Repeat exactly, and only, the lines below starting at the line that contains "Hướng dẫn sử dụng tủ điều khiển SHT 970" and ending at the line that contains "Fluffy Puff : Reinigende", inclusive of both.

◆ **Extracted data**
------------------------------------------------------------

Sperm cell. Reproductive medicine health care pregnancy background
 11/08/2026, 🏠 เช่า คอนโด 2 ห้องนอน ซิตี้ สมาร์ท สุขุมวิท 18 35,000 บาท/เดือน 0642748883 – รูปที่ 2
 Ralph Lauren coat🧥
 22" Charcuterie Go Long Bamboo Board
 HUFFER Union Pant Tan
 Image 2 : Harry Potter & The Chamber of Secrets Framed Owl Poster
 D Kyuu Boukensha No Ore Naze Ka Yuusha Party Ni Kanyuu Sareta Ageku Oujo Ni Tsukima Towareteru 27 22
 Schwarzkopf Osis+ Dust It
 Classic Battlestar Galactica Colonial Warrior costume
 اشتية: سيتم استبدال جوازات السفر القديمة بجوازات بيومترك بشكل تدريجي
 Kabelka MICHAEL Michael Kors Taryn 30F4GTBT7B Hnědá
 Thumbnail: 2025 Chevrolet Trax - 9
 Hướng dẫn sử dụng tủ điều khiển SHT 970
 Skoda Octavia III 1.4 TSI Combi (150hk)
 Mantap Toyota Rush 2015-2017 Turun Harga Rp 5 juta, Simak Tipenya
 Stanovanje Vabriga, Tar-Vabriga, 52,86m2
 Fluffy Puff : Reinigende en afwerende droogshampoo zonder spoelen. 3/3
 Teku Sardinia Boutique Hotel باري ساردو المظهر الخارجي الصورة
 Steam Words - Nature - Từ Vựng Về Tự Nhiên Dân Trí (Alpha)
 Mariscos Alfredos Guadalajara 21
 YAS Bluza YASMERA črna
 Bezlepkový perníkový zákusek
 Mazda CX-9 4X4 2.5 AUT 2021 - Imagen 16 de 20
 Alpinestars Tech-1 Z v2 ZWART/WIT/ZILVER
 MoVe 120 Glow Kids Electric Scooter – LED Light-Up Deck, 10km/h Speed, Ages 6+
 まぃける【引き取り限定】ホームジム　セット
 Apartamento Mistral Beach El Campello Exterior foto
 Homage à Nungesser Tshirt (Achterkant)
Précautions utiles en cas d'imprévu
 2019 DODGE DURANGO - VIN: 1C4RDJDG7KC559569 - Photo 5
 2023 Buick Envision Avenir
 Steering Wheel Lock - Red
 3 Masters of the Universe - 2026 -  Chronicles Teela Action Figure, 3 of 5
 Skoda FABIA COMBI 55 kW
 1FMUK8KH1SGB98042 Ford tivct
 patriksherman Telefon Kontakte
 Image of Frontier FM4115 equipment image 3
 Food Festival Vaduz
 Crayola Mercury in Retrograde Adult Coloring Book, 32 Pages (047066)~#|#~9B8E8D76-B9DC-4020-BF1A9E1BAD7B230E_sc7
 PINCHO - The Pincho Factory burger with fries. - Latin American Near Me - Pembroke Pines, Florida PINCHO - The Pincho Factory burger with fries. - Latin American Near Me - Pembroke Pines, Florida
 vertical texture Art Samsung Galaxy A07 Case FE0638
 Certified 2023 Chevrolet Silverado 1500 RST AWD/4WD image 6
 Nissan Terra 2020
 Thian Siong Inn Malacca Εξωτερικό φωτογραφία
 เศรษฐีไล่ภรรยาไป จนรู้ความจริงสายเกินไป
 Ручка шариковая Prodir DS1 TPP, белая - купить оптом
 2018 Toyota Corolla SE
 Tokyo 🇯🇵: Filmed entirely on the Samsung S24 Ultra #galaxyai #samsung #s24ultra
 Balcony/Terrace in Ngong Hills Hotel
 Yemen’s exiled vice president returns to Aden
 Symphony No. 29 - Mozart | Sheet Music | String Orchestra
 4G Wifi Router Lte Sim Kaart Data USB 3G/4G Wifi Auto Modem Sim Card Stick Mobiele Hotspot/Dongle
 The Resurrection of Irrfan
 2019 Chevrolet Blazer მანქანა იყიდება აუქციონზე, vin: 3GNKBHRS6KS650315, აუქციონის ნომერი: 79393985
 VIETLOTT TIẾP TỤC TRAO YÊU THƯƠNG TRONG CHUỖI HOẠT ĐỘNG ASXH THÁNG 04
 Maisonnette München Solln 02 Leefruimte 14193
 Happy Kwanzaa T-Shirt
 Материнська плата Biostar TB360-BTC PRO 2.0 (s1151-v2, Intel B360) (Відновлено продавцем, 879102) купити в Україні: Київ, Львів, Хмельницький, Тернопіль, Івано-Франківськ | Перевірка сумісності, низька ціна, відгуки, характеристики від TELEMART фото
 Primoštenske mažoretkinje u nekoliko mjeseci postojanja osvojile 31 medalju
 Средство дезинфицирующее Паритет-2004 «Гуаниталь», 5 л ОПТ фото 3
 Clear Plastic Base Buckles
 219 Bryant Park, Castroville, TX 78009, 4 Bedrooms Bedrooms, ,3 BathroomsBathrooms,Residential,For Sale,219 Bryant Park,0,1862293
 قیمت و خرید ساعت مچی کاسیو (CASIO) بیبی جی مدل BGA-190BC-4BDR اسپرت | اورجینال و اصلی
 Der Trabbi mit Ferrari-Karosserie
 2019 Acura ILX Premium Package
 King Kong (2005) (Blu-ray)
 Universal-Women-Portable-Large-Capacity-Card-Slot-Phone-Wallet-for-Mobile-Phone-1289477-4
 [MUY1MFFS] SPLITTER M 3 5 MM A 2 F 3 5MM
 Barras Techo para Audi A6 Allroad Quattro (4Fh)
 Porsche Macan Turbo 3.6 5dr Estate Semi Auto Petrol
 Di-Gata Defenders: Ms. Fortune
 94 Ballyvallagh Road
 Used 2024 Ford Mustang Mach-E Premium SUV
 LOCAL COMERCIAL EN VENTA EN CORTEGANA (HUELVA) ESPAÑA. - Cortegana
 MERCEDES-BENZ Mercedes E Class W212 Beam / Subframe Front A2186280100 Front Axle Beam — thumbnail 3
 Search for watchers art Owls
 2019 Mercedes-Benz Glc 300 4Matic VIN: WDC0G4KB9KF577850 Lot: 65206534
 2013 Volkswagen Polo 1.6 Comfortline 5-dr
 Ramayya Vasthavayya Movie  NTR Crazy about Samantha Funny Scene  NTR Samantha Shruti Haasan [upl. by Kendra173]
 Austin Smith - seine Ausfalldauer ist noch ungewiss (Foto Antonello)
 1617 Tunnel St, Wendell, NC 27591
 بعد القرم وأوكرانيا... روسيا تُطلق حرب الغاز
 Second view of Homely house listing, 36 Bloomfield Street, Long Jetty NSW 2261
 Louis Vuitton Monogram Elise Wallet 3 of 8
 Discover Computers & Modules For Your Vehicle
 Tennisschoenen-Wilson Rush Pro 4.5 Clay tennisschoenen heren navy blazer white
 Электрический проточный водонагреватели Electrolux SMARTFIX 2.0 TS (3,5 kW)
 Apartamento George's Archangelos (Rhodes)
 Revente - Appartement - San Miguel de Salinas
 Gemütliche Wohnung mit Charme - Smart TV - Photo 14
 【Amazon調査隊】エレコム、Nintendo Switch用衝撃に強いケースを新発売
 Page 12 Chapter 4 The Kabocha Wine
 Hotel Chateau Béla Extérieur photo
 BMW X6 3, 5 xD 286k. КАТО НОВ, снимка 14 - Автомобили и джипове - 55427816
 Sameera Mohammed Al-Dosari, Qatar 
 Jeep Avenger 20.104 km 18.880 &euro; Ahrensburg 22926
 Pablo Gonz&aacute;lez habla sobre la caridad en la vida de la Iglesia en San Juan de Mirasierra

------------------------------------------------------------

◆ **Output for this task**
 Hướng dẫn sử dụng tủ điều khiển SHT 970
 Skoda Octavia III 1.4 TSI Combi (150hk)
 Mantap Toyota Rush 2015-2017 Turun Harga Rp 5 juta, Simak Tipenya
 Stanovanje Vabriga, Tar-Vabriga, 52,86m2
 Fluffy Puff : Reinigende en afwerende droogshampoo zonder spoelen. 3/3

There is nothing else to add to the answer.